Now, head back to your IDE, and change a line of code. Hit save. If you look closely at the shell running beam serve, you’ll notice the server reloading with your code changes. You’ll use this workflow anytime you’re developing an app on Beam. Trust us — it makes the development process uniquely fast and painless.

Performance Optimizations

If you called the API via the cURL command, you’ll notice that your model was downloaded each time you invoked the API. In order to improve performance, we’ll setup a function to pre-load your models and store them on disk between API calls.

Pre-loading

Beam includes an on_start method, which you can pass to your function decorators. on_start is run exactly once when the container first starts: The value of the on_start function can be retrieved from context.on_start_value: 
from beam import Image, endpoint


def download_models():
    from transformers import AutoTokenizer, OPTForCausalLM

    model = OPTForCausalLM.from_pretrained("facebook/opt-125m")
    tokenizer = AutoTokenizer.from_pretrained("facebook/opt-125m")

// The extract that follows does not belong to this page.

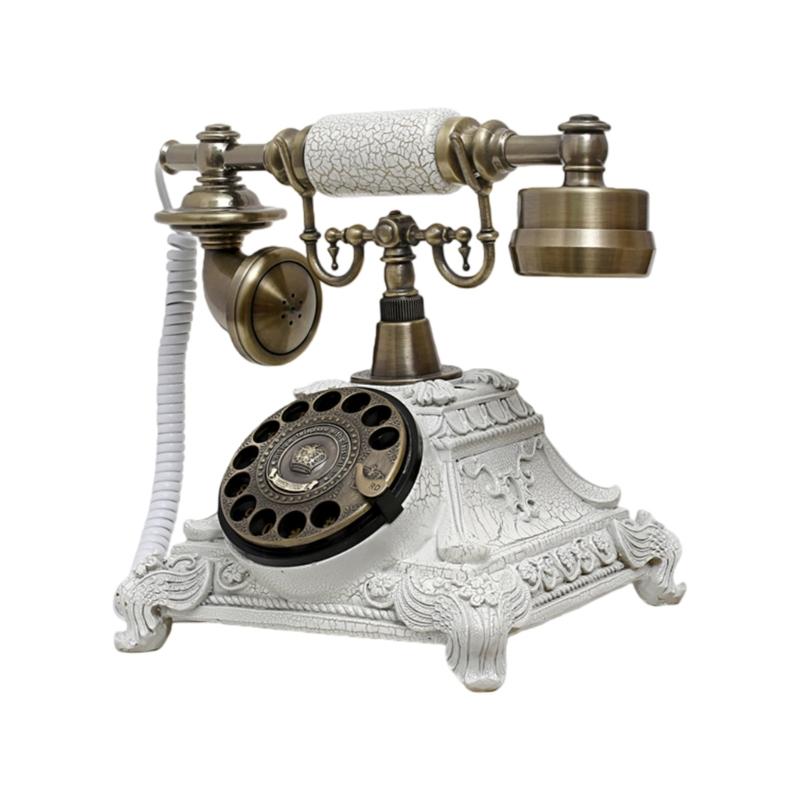 Классическая ретро модель телефона-реплики из смол с дисковым набором для декора стола, полки, фотосъемки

    return model, tokenizer


@endpoint(
    on_start=download_models,
    image=Image(
        python_version="python3.9",
        python_packages=[
            "transformers",
            "torch",
        ],
    ),
)
def predict(context):
    # Retrieve cached model from on_start function
    model, tokenizer = context.on_start_value

    # Do something with the model and tokenizer...

Cache in a storage volume

The on_start method us from having to download the model multiple times, but we can avoid downloading the model entirely by caching it in a Storage Volume: Beam allows you to create highly-available storage volumes that can be used across tasks. You might use volumes for things like storing model weights or large datasets. 
from beam import Image, endpoint, Volume


# Model weights will be cached in this folder
CACHE_PATH = "./weights"


# This function runs once when the container first starts
def download_models():
    from transformers import AutoTokenizer, OPTForCausalLM

    model = OPTForCausalLM.from_pretrained("facebook/opt-125m", cache_dir=CACHE_PATH)
    tokenizer = AutoTokenizer.from_pretrained("facebook/opt-125m", cache_dir=CACHE_PATH)

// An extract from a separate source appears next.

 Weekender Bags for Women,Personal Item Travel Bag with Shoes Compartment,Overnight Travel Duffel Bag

    return model, tokenizer


@endpoint(
    on_start=download_models,
    volumes=[Volume(name="weights", mount_path=CACHE_PATH)],
    cpu=1,
    memory="16Gi",
    gpu="T4",
    image=Image(
        python_version="python3.9",
        python_packages=[
            "transformers",
            "torch",
        ],
    ),
)
Now, these models can be automatically downloaded to the volume by using the cache_dir argument in transformers: 
model = OPTForCausalLM.from_pretrained("facebook/opt-125m", cache_dir=CACHE_PATH)
tokenizer = AutoTokenizer.from_pretrained("facebook/opt-125m", cache_dir=CACHE_PATH)
These volumes are mounted directly to the container running your app, so you can read and write them to disk like any normal file.

Configure Autoscaling (Optional)

You can control your autoscaling behavior with QueueDepthAutoscaler. QueueDepthAutoscaler takes two parameters:
  • max_containers
  • tasks_per_container
from beam import endpoint, QueueDepthAutoscaler


@endpoint(autoscaler=QueueDepthAutoscaler(max_containers=5, tasks_per_container=1))
def function():
    pass

Deployment

With these performance optimizations in place, it’s time to deploy your API to create a persistent endpoint. In your shell, run this command to deploy your app: 
beam deploy app.py:predict --name inference-app

Monitoring Logs and Task Status

In the dashboard, you can view the status of the task and the logs from the container:

Summary

You’ve successfully created a highly performant serverless API for your ML model!